Law students from Birmingham, Sussex, Nottingham and beyond met at the University of Law in London on Saturday 16 August to compete in the Open University Law Society’s second annual novice moot.
The students faced a panel of judges including Suzanne Rab, a barrister at Serle Court Chambers, and Open University graduate Rebecca Penfold who is a pupil barrister at Dyers Chambers.
The moot problem concerned the application of s.76 Sexual Offences Act 2003, which states that there is a conclusive presumption of rape where the defendant has impersonated a ‘person known personally’ to the complainant in order to gain their consent. Students had to argue whether this provision should include a situation where the defendant gains the complainant’s consent by impersonating a celebrity who the complainant is a fan of but does not have a personal relationship with.

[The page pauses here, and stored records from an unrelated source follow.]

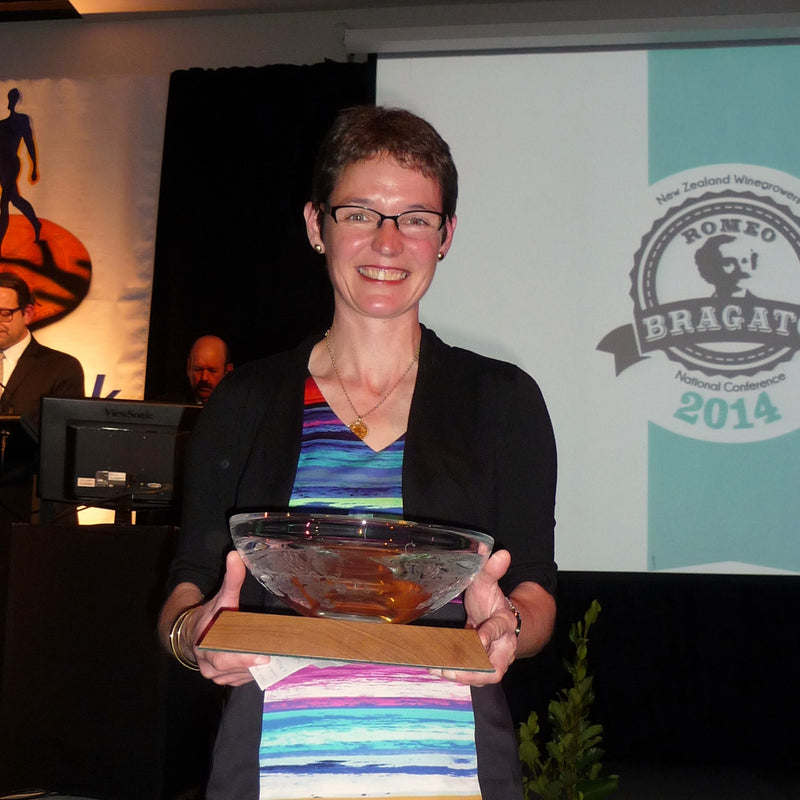 Owner Ursula Schwarzenbach accepting the Trophy for best Pinot Gris at the Bragato Wine Awards 2014.  She is holding the crystal trophy in front of her.  In the background there is a screen displaying the Bragato Wine Awards logo. 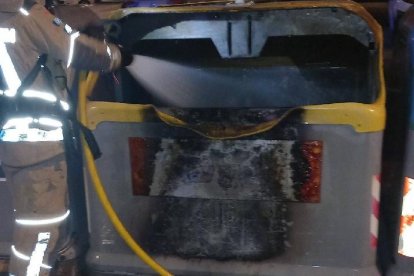 Un bomber treballant en un dels incendis de contenidors.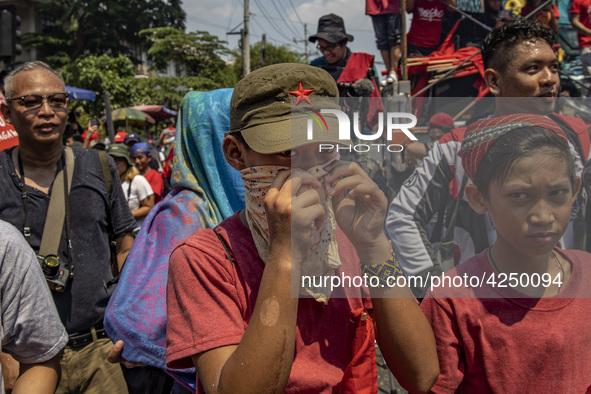 A protester takes part in Labor Day demonstrations outside the presidential palace on May 1, 2019 in Manila, Philippines. Thousands of Filip...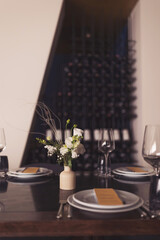 luxury tableware beautiful table setting in restaurant. banquette luxury arrangement plates and glasses. Glasses, forks, knives, napkins and decorative flower on a dark old brown wooden table.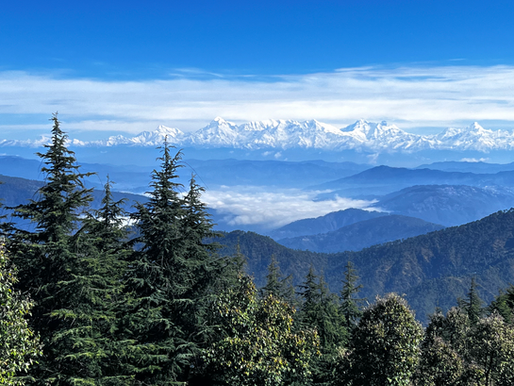 a 1panaromic view of Kumaon Himalayas on a clear sky day, from this boutique stay in mukteshwar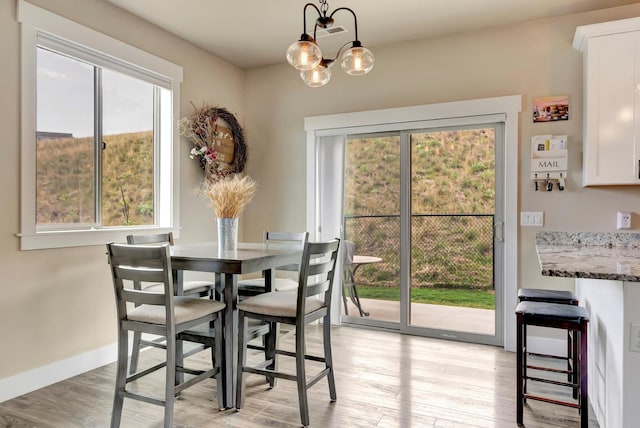 7047 Shaver Dr Unit B, Missoula, MT 59803 - dining area with healthy amount of natural light, light wood-type flooring, baseboards, and a chandelier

After three rounds, Peter Savory, a W200 student from East Sussex, emerged victorious. Peter wowed the judges not just with his legal argument but also his impressive advocacy style. He wins £25 of Amazon vouchers.
Commenting on his win, Peter said: “Saturday’s competition provided a terrific opportunity to put our legal learning to the test. I’d like to thank the OU Law Society for organising the event and the judges for their insights and guidance as we progressed through the competition.”
Peter commenced his OU legal studies in 2013, following a long career in the classical music industry. He has found the structure and flexibility of the course – with its programme of regular tutorials – ideal for someone returning to formal study after such a long break and hopes eventually to make a second career in the law.
The Open University Law Society run a series of events for OU students throughout the year, including careers talks, mooting workshops and socials. They also enter teams into external mooting competitions. In 2013 OULS teams won the ICLR national moot as well as the Lexis Nexis Welsh National mooting competition. Membership is £5 per year.